Kau panggil diriku, supaya kukenal
Iman harapan yang teguh dan kasihMu kekal.
Aku datanglah, Tuhan, padaMu;
Dalam darahMu kudus sucikan diriku.
Pelaksanaan
Perjamuan Kudus
PF :Saudara-saudara yang dikasihi Tuhan, Roti
dan anggur yang kita lihat ini hendaklah kita terima sebagai tanda dan meterai
dari pengorbanan dan persekutuan dengan Kristus. Supaya kita dipelihara dengan
roti sorgawi, yakni Yesus Kristus, janganlah hati kita melekat kepada roti dan
anggur yang kelihatan ini, melainkan dengan iman kita mengangkat hati kepada Yesus Kristus
Tuhan kita.
Jemputan/Ajakan
PF :Saudara-saudara, segala
perkara telah sedia. Tuhan Yesus bersabda “Marilah kepadaKu, semua yang yang
letih lesu dan berbeban berat, Aku akan memberi kelegaan kepadamu”

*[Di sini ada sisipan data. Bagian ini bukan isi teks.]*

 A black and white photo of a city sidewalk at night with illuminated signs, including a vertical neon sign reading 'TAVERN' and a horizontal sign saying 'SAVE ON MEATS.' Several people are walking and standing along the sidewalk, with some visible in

.... Proses Perjamuan Kudus
....
PF : (sambil memecah-mecahkan roti)
mengucapkan:
“Roti yang kita
pecah-pecahkan ini adalah persekutuan kita dengan tubuh Kristus. Tuhan Yesus
berkata: Inilah tubuh-Ku yang diserahkan karena kamu; perbuatlah ini menjadi
peringatan akan Aku”. Ambillah - makanlah.

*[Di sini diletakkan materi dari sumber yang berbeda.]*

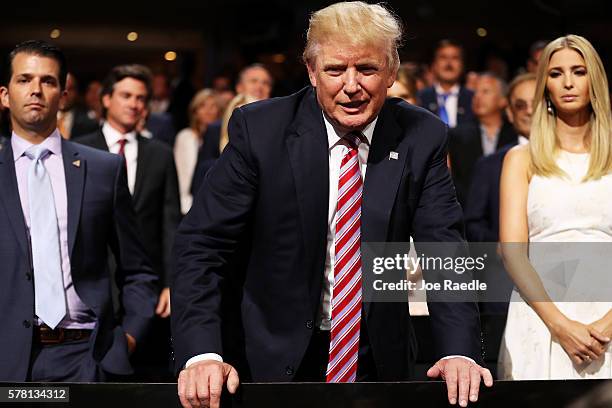 Republican presidential candidate Donald Trump speaks to delegates as Donald Trump Jr. And Ivanka Trump look on during the third day of the...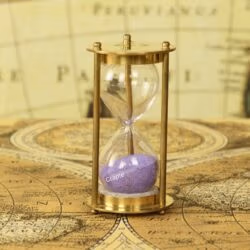 A petite 1-minute hourglass with a shiny brass frame and purple sand, displayed on a vintage map.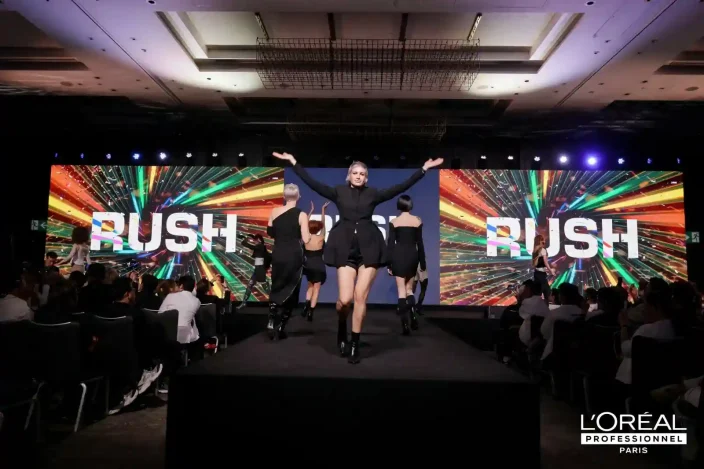 Model with blonde hair in the centre of the RUSH event stage.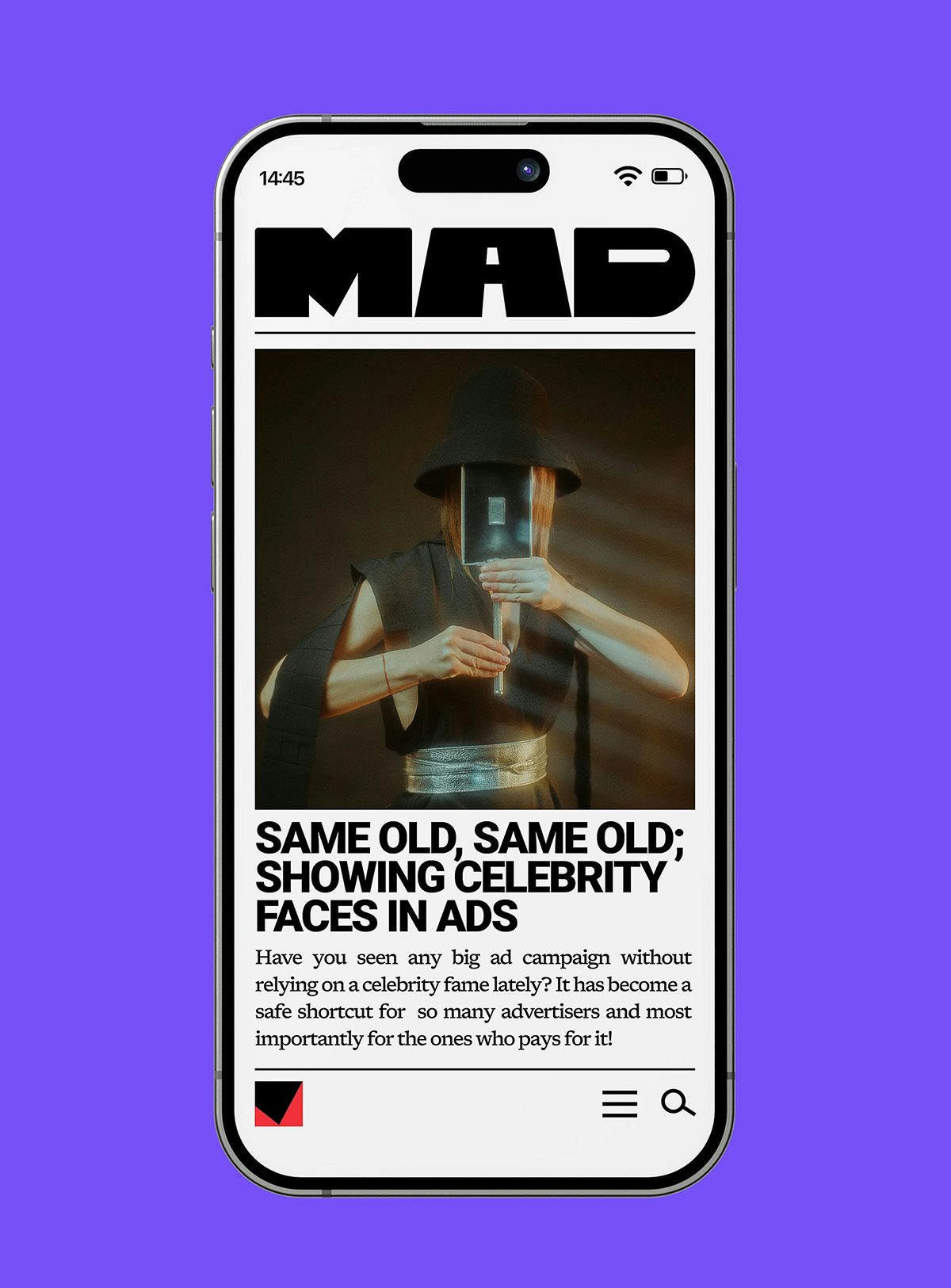 Écran de smartphone montrant le site Web de la plateforme d'informations MAD avec un article intitulé « Toujours pareil, toujours pareil, avec des visages de célébrités dans les publicités »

*Roti dibagikan ke anggota jemaat yang mengikuti
PerjamuanKudus.
*Selanjutnya, pelayan mengangkat cawan, lalu
mengucapkan:
“Cawan minuman yang atasnya kita
ucapkan syukur ini adalah perjanjian baru yang dimeteraikan oleh darah Kristus.
Tuhan Yesus bersabda: Inilah darah-Ku, darah perjanjian baru yang ditumpahkan
bagi banyak orang untuk pengampunan dosa”. Ambillah - minumlah.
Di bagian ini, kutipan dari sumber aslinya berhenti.